Bollo.id adalah media independen dan tidak dikuasai oleh investor. Sumber keuangan kami tidak berasal dari industri ekstraktif atau pihak-pihak yang memiliki afiliasi dengan industri tersebut. Dukung kami dengan berdonasi, agar bollo.id terus bekerja demi kepentingan publik.

Donasi melalui: bit.ly/donasibollo

Center Point of Indonesia/Bollo.id
Center Point of Indonesia/Bollo.id

Reklamasi CPI

Gagasan proyek ini dimulai sejak 2009, saat Walikota Makassar, menindaklanjuti Surat Gubernur Sulsel Nomor 644/805/Huk tertanggal 17 Februari 2009, yang meminta penetapan lokasi pembangunan CPI. 

Pada 27 Februari 2009, Walikota Makassar menerbitkan Surat Keputusan Nomor 640/175/Kep/II/09, menetapkan lokasi untuk Pembangunan Kawasan Center Point of Indonesia (CPI), di sebelah barat Pantai Losari, terletak di Kecamatan Tamalate hingga Kecamatan Mariso, Kota Makassar.

Keputusan ini menandakan bahwa Pemprov Sulsel memiliki wewenang untuk mengelola kawasan tersebut.

Proyek reklamasi CPI yang digagas sejak era pemerintahan Gubernur Syahrul Yasin Limpo ini, memulai proyek dengan sejumlah aktivitas.
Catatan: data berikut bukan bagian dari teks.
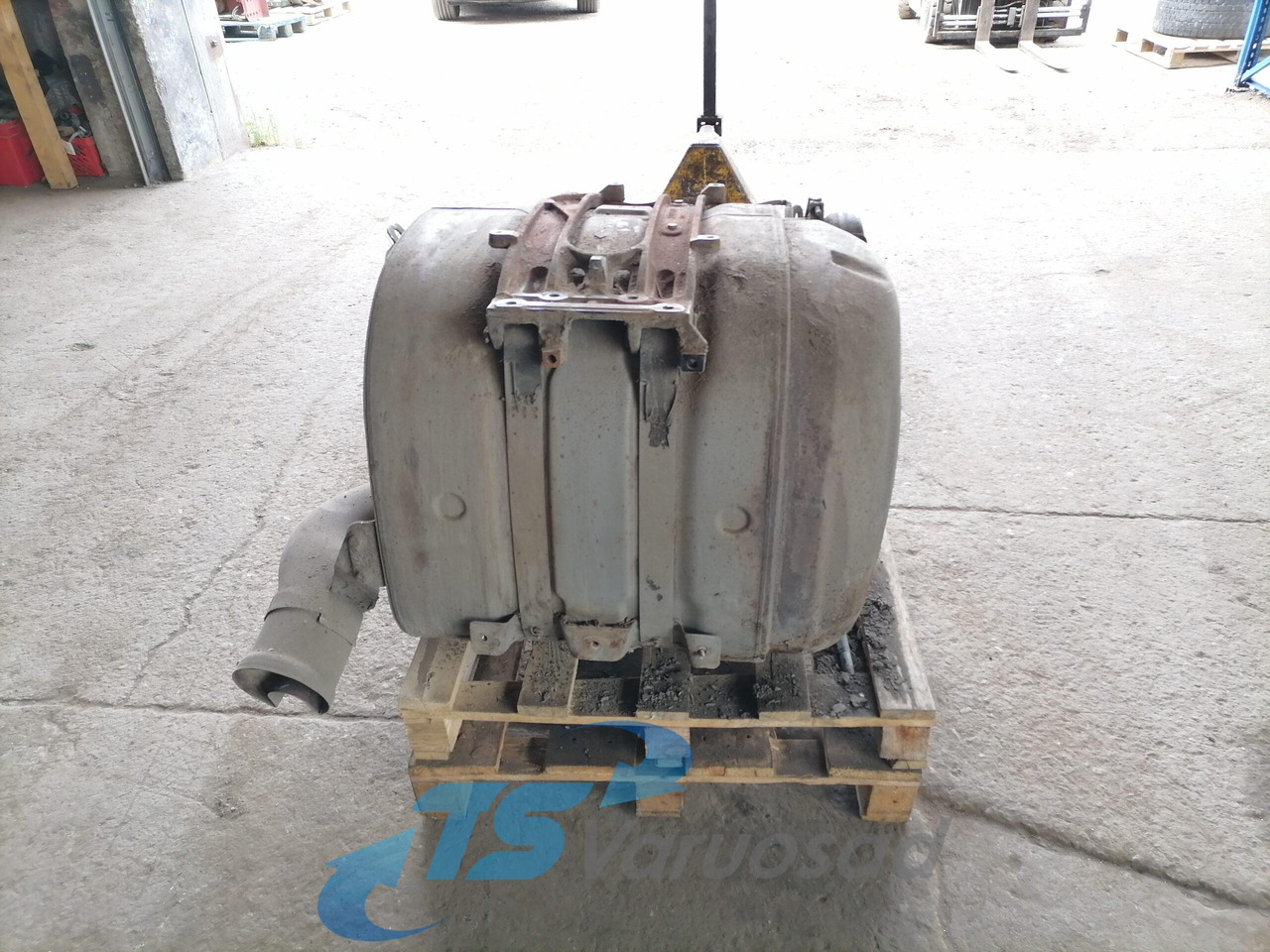 Volvo Muffler 21364822 - Muffler for Truck: picture 1 Volvo Muffler 21364822 - Muffler for Truck: picture 1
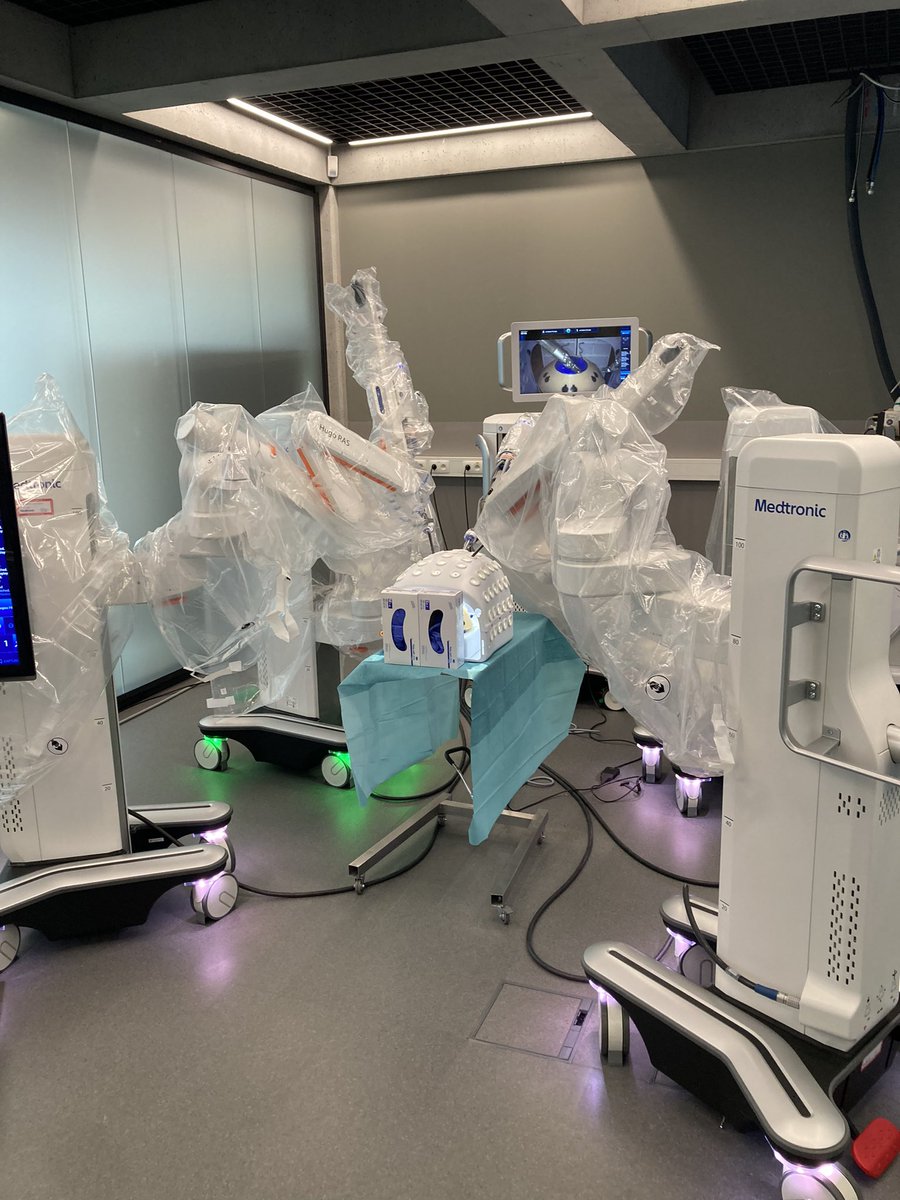 rajibaji1983's tweet image. A fantastic time in Ghent with @Medtronic using the HUGO robotic system which will be a fantastic platform for HPB surgery. Thank you to @modarousta for organising! @RoyalSurrey @IHPBA @roux_group #panGIrobotics #multiplatform 🤖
Penimbunan. Pembangunan jembatan, dan jalan baru.

Pada rentang waktu 2009-2013, Pemprov Sulsel mulai melakukan reklamasi, bersama tiga Satuan Kerja Perangkat Daerah (SKPD) terkait: Dinas Tata Ruang dan Kawasan Pemukiman (Tarkim), Dinas Pekerjaan Sumber Daya Air (PSDA), dan Dinas Bina Marga.

Pendanaan proyek ini berasal dari Anggaran Pendapatan dan Belanja Daerah (APBD) Provinsi Sulawesi Selatan, melibatkan sedikitnya 12 perusahaan rekanan. Total anggaran yang telah digunakan dalam kurun waktu empat tahun itu mencapai Rp141 milyar. Pada awalnya Pemprov Sulsel mengharapkan bantuan anggaran dari pemerintah pusat, tetapi hal itu tak kunjung terwujud.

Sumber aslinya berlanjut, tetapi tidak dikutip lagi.